Initializing a Predictive Model for Increasing Return Rates in Debt Collection

Our client – a large service provider for debt collection – required a reliable method to predict the probability of incoming debt payments and defaulters. In a two-stage-approach, niologic implemented a predictive solution. This helped the client identify debtors who are more likely to pay than others and to plan their actions accordingly.


The client focusses on debt collection and differentiates between three types of debtors. Those who are likely to pay the full debt, those who pay the debt partially or those who do not pay at all. Furthermore, their work consists of identifying debts, which can be traced back to miscommunication. To meet the client’s demands, niologic set up a multi-stage predictive model based on customer data and publicly available open data, for identifying debtors within the given categories and predict the probability of payment and defaulters.

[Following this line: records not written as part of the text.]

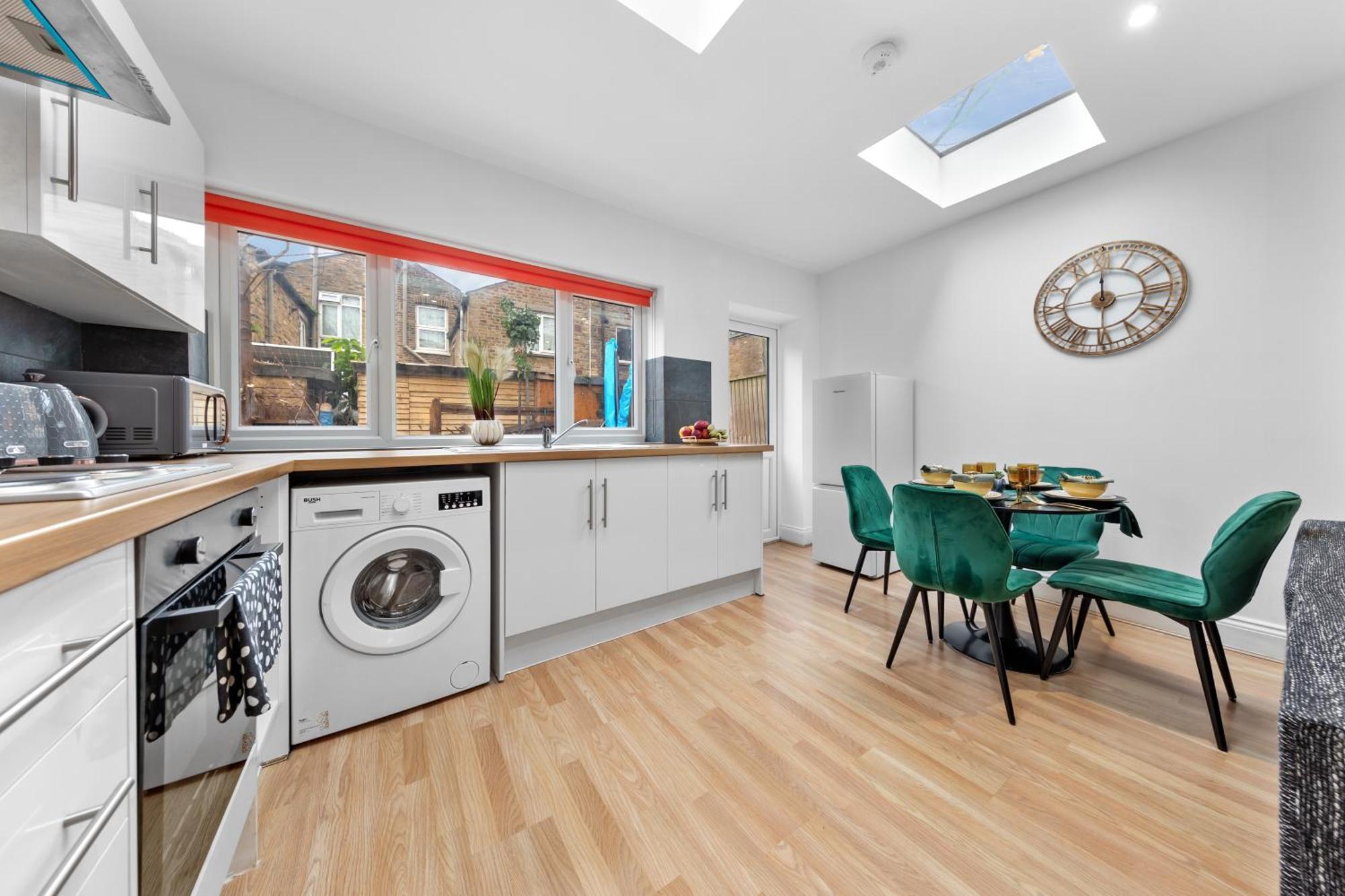 Large & Stunning 2 Bed Flat In Zone 2- 15 Minutes From With Garden & Parking! 20 Percent Off Long Stays! 5 Separate Beds & Sleeps 6! Instant Book! Self-check-in!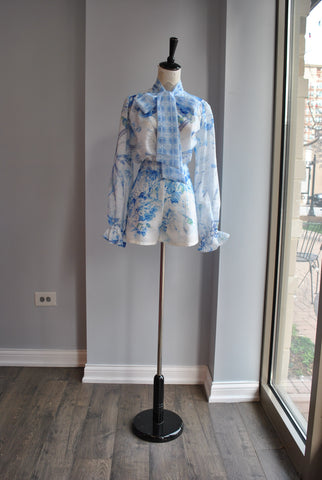 WHITE LINNEN SET OF A BLOUSE AND A SKIRT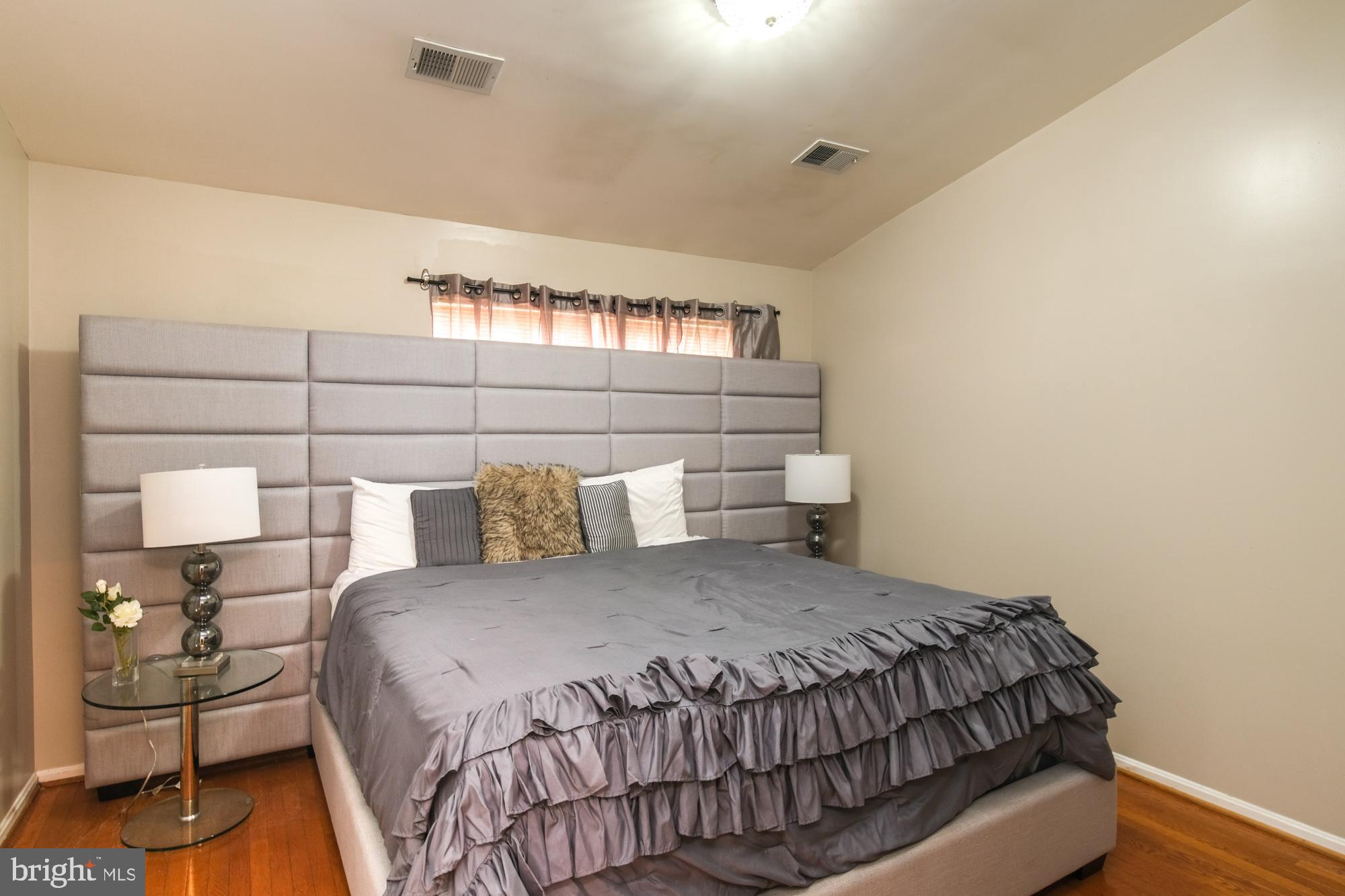 BRINKLEY PARK TOWN - Residential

First, niologic used Google Cloud Dataflow to prepare the data and Cloud Data Loss Prevention to remove Personally Identifiable Information (PII) and set up a data warehouse (DWH) in Google BigQuery. After that, biases were removed using geographical information enriched with the BigQuery OSM public data set. Subsequently, first intuitions for feature engineering were modeled as prototypes with BigQuery ML and AutoML. For production, niologic decided to use a two-stage classification model – an ensemble approach with gradient boosting on decision trees. To measure the quality of classifications, niologic used f1-score and Area under Curve (AUC). Following this, our team deployed model inferencing using Google Cloud Dataflow. Finally, the batch prediction was stored in the BigQuery DWH.

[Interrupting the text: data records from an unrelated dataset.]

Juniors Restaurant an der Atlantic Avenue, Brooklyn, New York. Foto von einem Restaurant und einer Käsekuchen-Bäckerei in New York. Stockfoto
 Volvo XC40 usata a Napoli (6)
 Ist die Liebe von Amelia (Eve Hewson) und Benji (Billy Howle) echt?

Results and Customer Value

Niologic successfully implemented a predictive model tailored towards the client’s demands. The client is now able to predict the probability of debt payments, which allows them to prioritize debtors, who are likely to pay. The solution further enables the client to approach debtors who are less likely to pay. This is done by providing a prediction for the most efficient channel for starting a dialogue. Additionally, the solution provides insight into cases which exist solely due to miscommunication, or lack thereof, from the creditors. Consequently, corresponding debt can be cleared swiftly once such cases are identified.